Eric Church – Mr. Misunderstood

A strange thing about The Outsiders: “Talladega” and “Cold One” sounded fine on the radio. Maybe it’s a post-CD age album after all, refuting the sticky recollections in Mr. Misunderstood‘s title track, on which Eric Church the adolescent Elvis CAH-STELL-LOH fan scowled at top forty listeners, thus earning the right to join the ranks of the alienated. The conceit of “Record Year” delineates how the pop of old vinyl saved his life. More than his children (subjects of a cornball but well-wrought valentine that I expect from Brad Paisley), more than whiskey, more than music itself, Church loves the nostalgia of record listening. Implied is the discomfort of modern life: of weaklings who don’t rock like he does, of being a parent whose mind is necessarily on other things. Sporting too many acoustic numbers, Mr. Misunderstood embraces the frustrations of being a conservative musician who senses his reactionary traits and uses metaphoric violence as pressure valves; the dominance of acoustic numbers is a palliative, I’d say, for the rockers he’s recorded since 2014 have a pulverizing effect, boasting boring hair metal chords and self-pitying lyrics and Method snarling that are the musical equivalent of a college age National Review blogger. But on the whole Mr. Misunderstood is a more persuasive album than The Outsiders, fleet about expressing his passions even if I miss outrages like “Dark Side.” “I come undone every time I get some/kick drum, guitar strum,” he spits on “Chattanooga Lucy” over kick drum and guitar strum. A confused motherfucker he remains, though. On another tuneful semi-rocker called “Kill a Word” he runs through a list of adverbs that he can’t help using and would beat black and blue.
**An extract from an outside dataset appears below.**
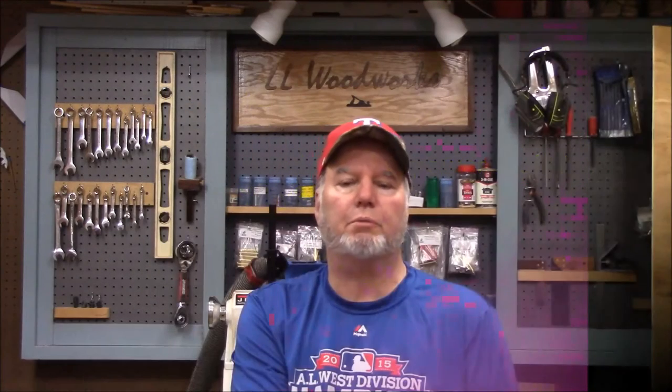Hand tools or power tools? Well, both. Power tools really speed up a job and make it easier, but there's nothing more important for a woodworker than knowing how to use hand tools. It's just part of the craft.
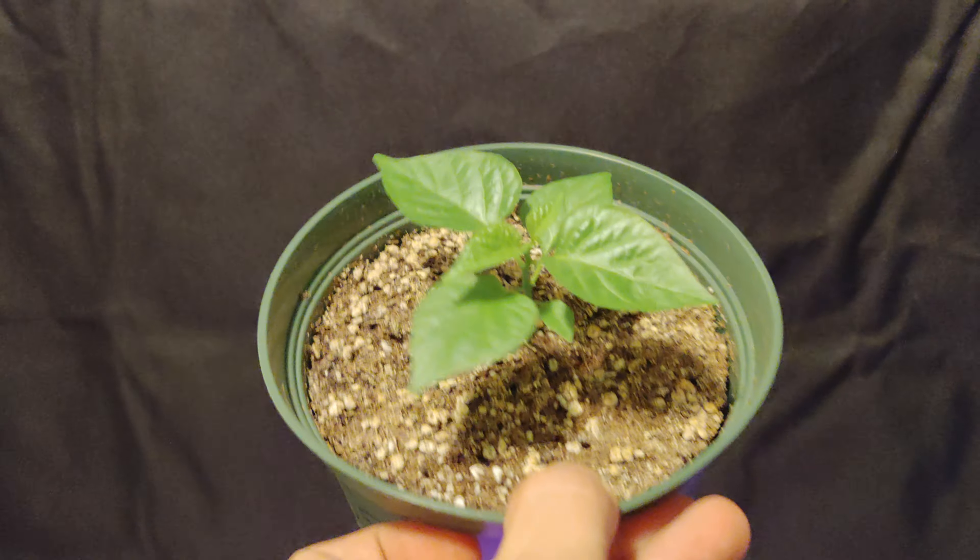We planted this one early — this is my Jamaican Scotch Bonnet Long. It's looking beautiful, I'll tell you that. That one was a January plant, and same thing with this one.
Right. Using violence to kill violence always works.

Justin Bieber – Purpose

“Sorry” and “What Do You Mean” are insistent and insinuating examples of sterling chart pop, understated even. The rest, especially the repugnant “Love Yourself,” sells Bieber as a self-aware advice-pedddling asshole superstar, the Lucy to the Charlie Browns he wants to fuck. Maturity in 2015 chart pop terms requires penance while copping a feel.